You should use GtkBuilder instead of Glade. There's an automated utility to do this called "gtk-builder-convert". You can use Hildon widgets with GtkBuilder (i.e. replace GtkButton with HildonButton). Please note that bug 4718 will cause the styling to still be incorrect, so you have to set the name of the widget to "HildonButton-finger" (or "HildonButton-thumb") after loading it from the .ui file, like this: Code: yourwidget.set_name('HildonButton-finger') You should be able to do the same thing for a GtkButton to get the styling, but this is untested, and not really beautiful A HildonNote is the "big" yellow, modal thing where the message is shown until the note is touched: Code: win = ... # your main window msg = 'some text' note = hildon.hildon_note_new_information(win, msg) note.run() note.destroy() An alternative would be to use a HildonBanner that has a timeout for non-critical messages: http://maemomm.garage.maemo.org/docs...res/banner.png In all the built-in applications, context menus pop up under the touch point, so for consistency, it should probably be like that for your application, too.

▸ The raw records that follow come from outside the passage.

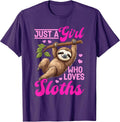 Funny Lazy Sloth Graphics Co.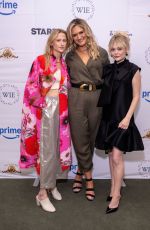 EMILY ALYN LIND at 8th Annual Women in Entertainment Summit in Los Angeles 06/17/2025
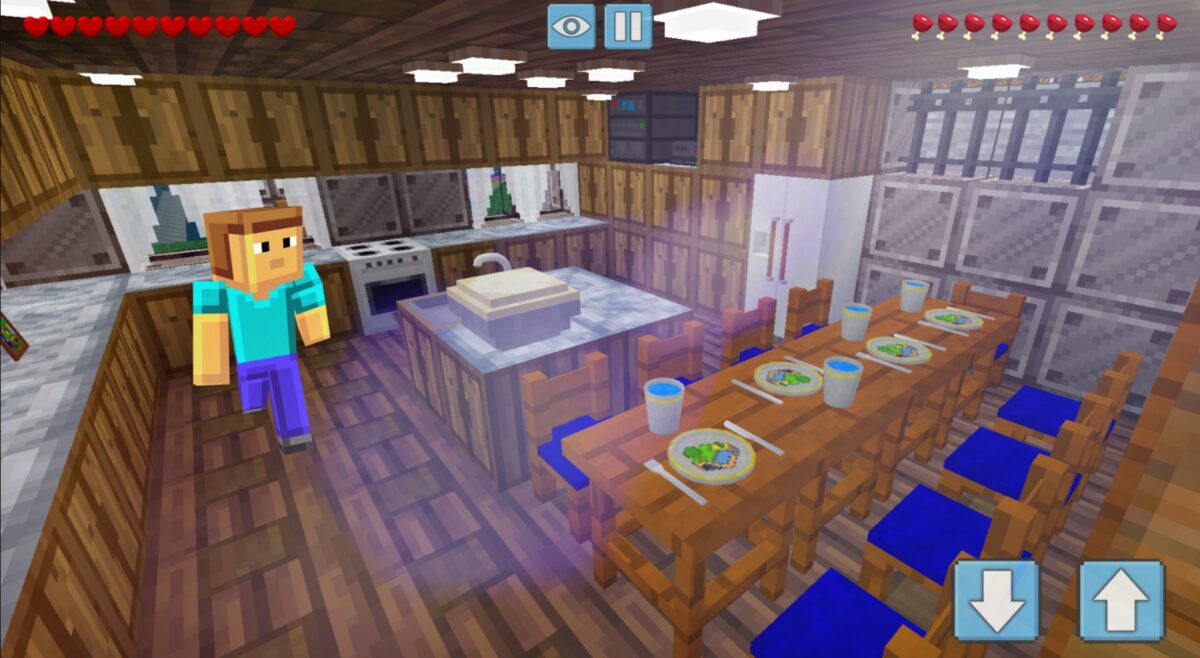 block craft world 3d
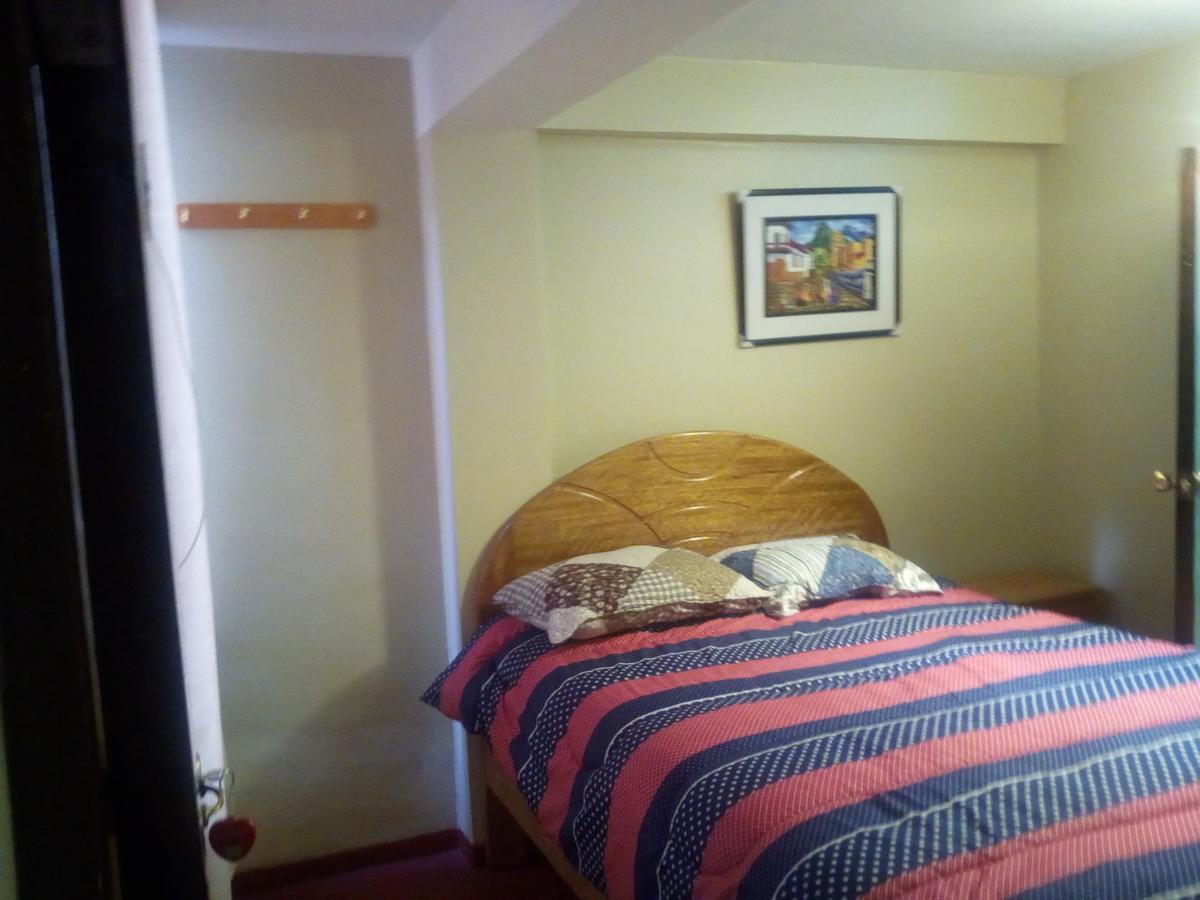 Cusco Imperio Otel Dış mekan fotoğraf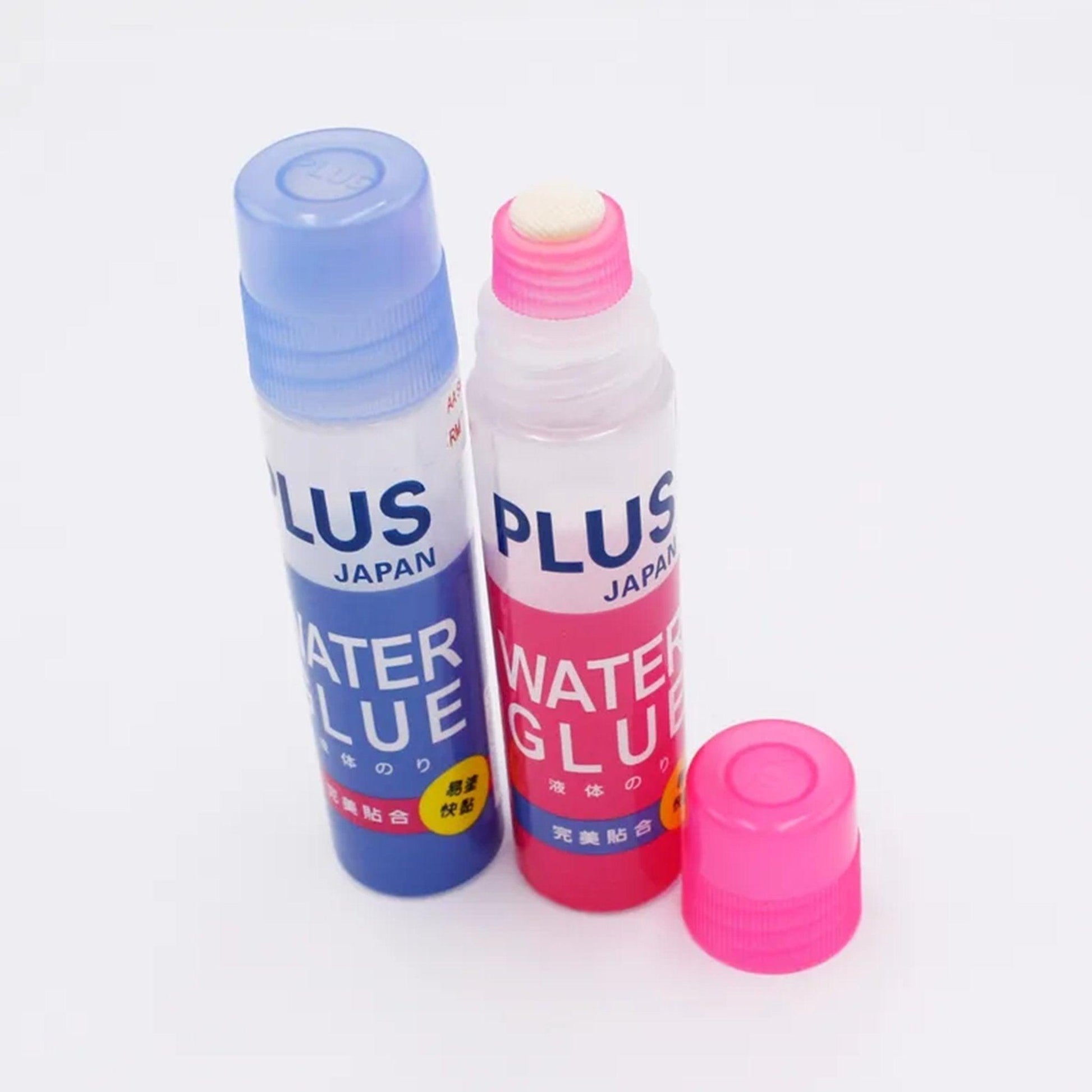 PLUS 28-008 non-toxic glue 50ml random shipment - CHL-STORE 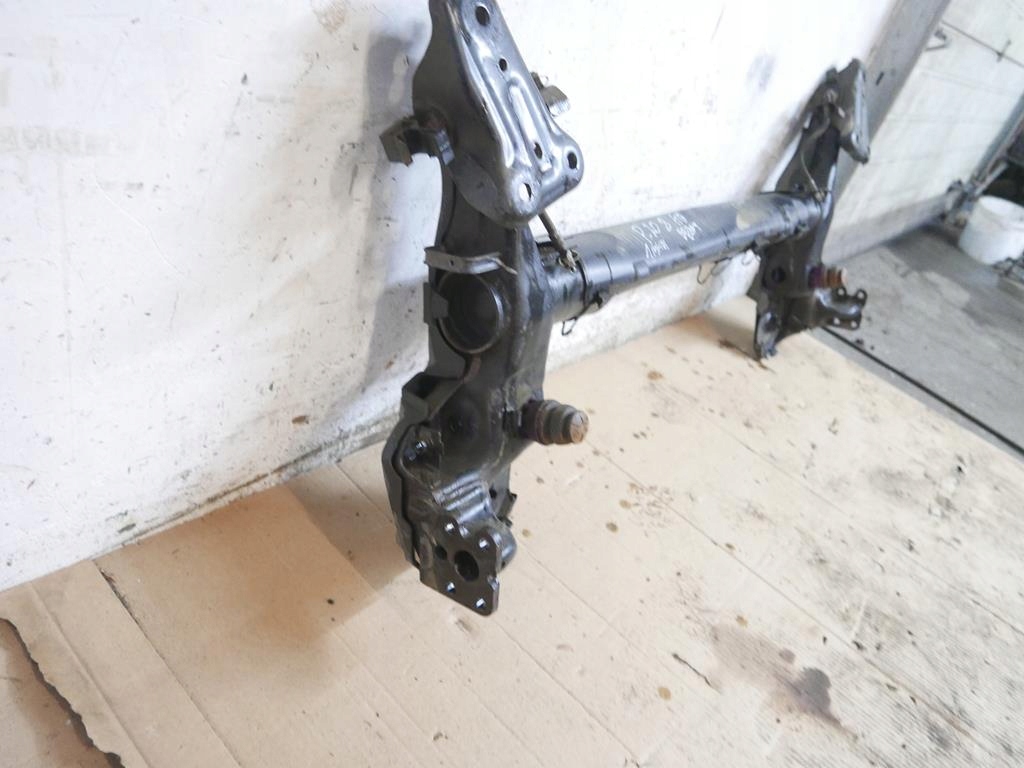 фото №5, Oś балка підвіска задня peugeot 208 i phi 12-15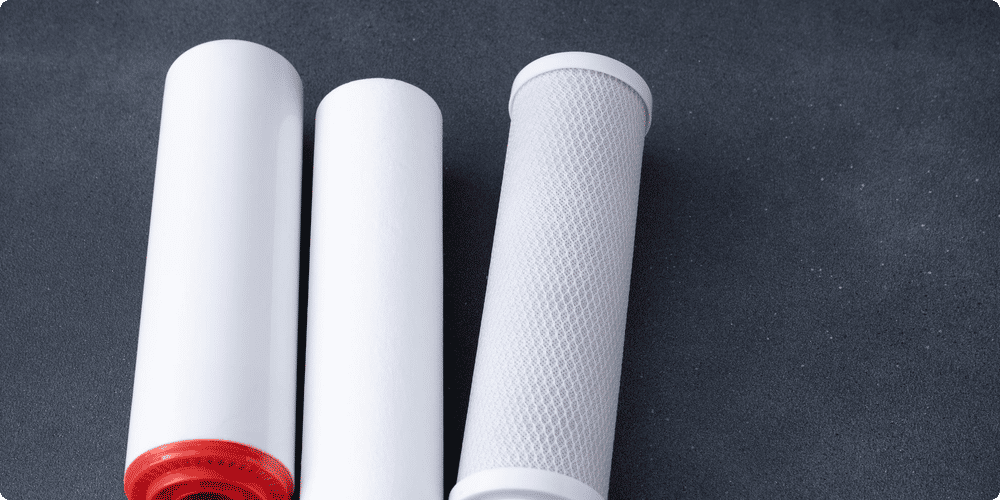 Utilisation dans les humidificateurs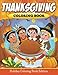 Thanksgiving Coloring Book: Holiday Coloring Book Edition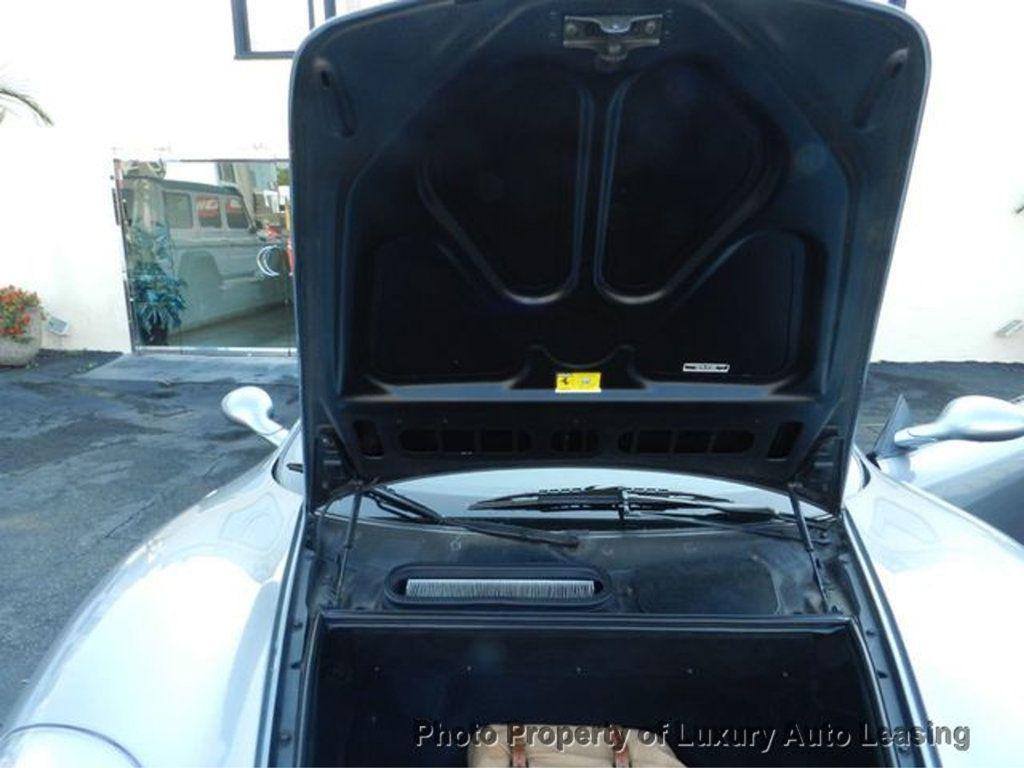 used 1999 Ferrari 360 Modena car, priced at $72,950
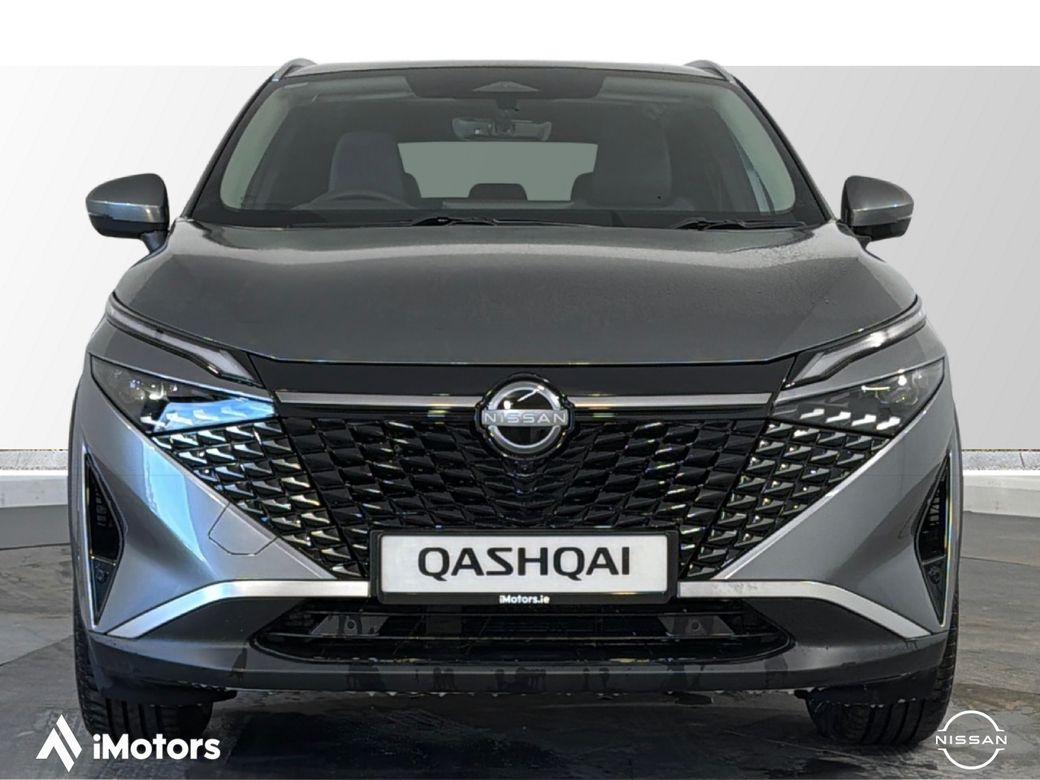 2026 Nissan Qashqai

Even on the desktop when right-clicking somewhere, the menu pops up at the cursor position, and not at the top left corner of the screen. Of course, there are issues with this approach on a finger-based UI (because the content that pops up is hidden by the physical finger), but it's how things are done in the Maemo 5 UI today. If you convert to GtkBuilder, think about using HildonStackableWindow + sub-views. It's nice, easy, and makes the user navigation more friendly. It also restricts the possible actions that the user can do (i.e. because in a search results view you cannot click on "Timeline", you have to go back first), leading to less errors that you have to catch AFAIK Identi.ca has a Twitter-compatible API, so just having a "API URL" setting should be enough to support Identi.ca as well (with the default being the URL of the Twitter API).
yourwidget.set_name('HildonButton-finger')
win = ... # your main window msg = 'some text' note = hildon.hildon_note_new_information(win, msg) note.run() note.destroy()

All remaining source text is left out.